The Pandemic Helped Bret Lunsford Refine His Barbecue Skills at Blue Smoke

Bret Lunsford went from idolizing chefs playing with molecular gastronomy in culinary school to executive chef at Blue Smoke, one of the most important barbecue joints in New York City. For almost two decades, Blue Smoke has provided New York City with serious smoked barbecue, and Bret is upholding the tradition through the pandemic. We spoke with Bret about some of the many front and back of house positions he’s held at restaurants during his career, the good and bad that has happened in the last year and what he’s looking forward to at Brisket King. Blue Smoke is open for indoor and outdoor dining plus pickup and delivery in Battery Park City and for nationwide delivery on Goldbelly. For a guaranteed taste of Bret’s brisket, buy your tickets to Brisket King now. As told to Sarah Strong, this interview has been edited and condensed for clarity.

Food Karma: What did Blue Smoke do at the beginning of the pandemic?

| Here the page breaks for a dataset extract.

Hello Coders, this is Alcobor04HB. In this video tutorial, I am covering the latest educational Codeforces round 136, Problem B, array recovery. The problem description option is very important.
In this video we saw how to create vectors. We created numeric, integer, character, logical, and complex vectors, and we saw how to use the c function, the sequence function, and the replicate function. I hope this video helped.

Bret Lunsford: We started getting some sort of messaging a week before. Covid started becoming bigger and bigger in the news, and more and more people were aware of it. Everyone was watching CNN and standing by, waiting to see what was happening. We got the message on the 13th that we were going to go ahead and close that day and that we’d probably be shut for about two weeks, which was the average messaging that most people got.

We had all this meat cooked and we couldn’t let it go bad, so we gave it away. We had a line. I was like, “who wants brisket, who wants spare ribs, who wants baby backs?” We were giving meat out to people in the neighborhood, to staff, to teams. Anything we could save, we saved, obviously, but that was that. The anticipation was to shut down for two weeks and for us to stay on call, ready to see what had to happen and to jump in on other restaurants, move things around, clean, deep clean on those days off and just get ready to reopen by the end of March. It did not go that way.

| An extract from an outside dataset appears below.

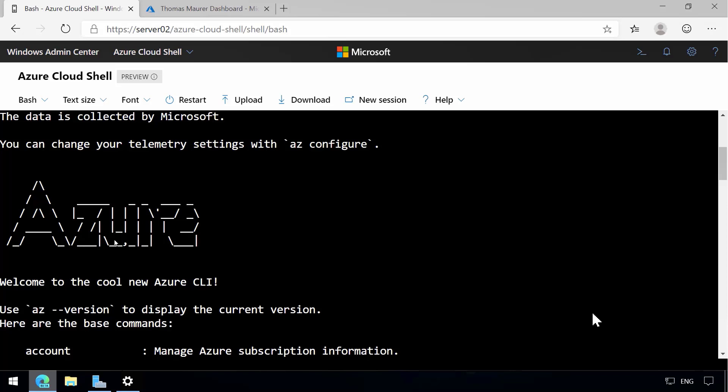So I hope this was fun for you. I will put all the links to different blog posts and more resources about Cloud Shell and Windows Admin Center in the description below. So if you have any questions, please feel free to leave a comment, subscribe to my channel and give a like. See you in the next one.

USHG in general had to lay off the majority of our staff – all of our hourlys and a lot of management. We went from thousands of employees down to about 75 total within the entire company. We all worked from home and did Zoom calls and reimagined our restaurants: what could they be, what should they be, what can we do to make money still, how long is this going to be? We really didn’t know, so we were just taking the time to reevaluate, take a step back and prepare to relaunch again whenever that might be.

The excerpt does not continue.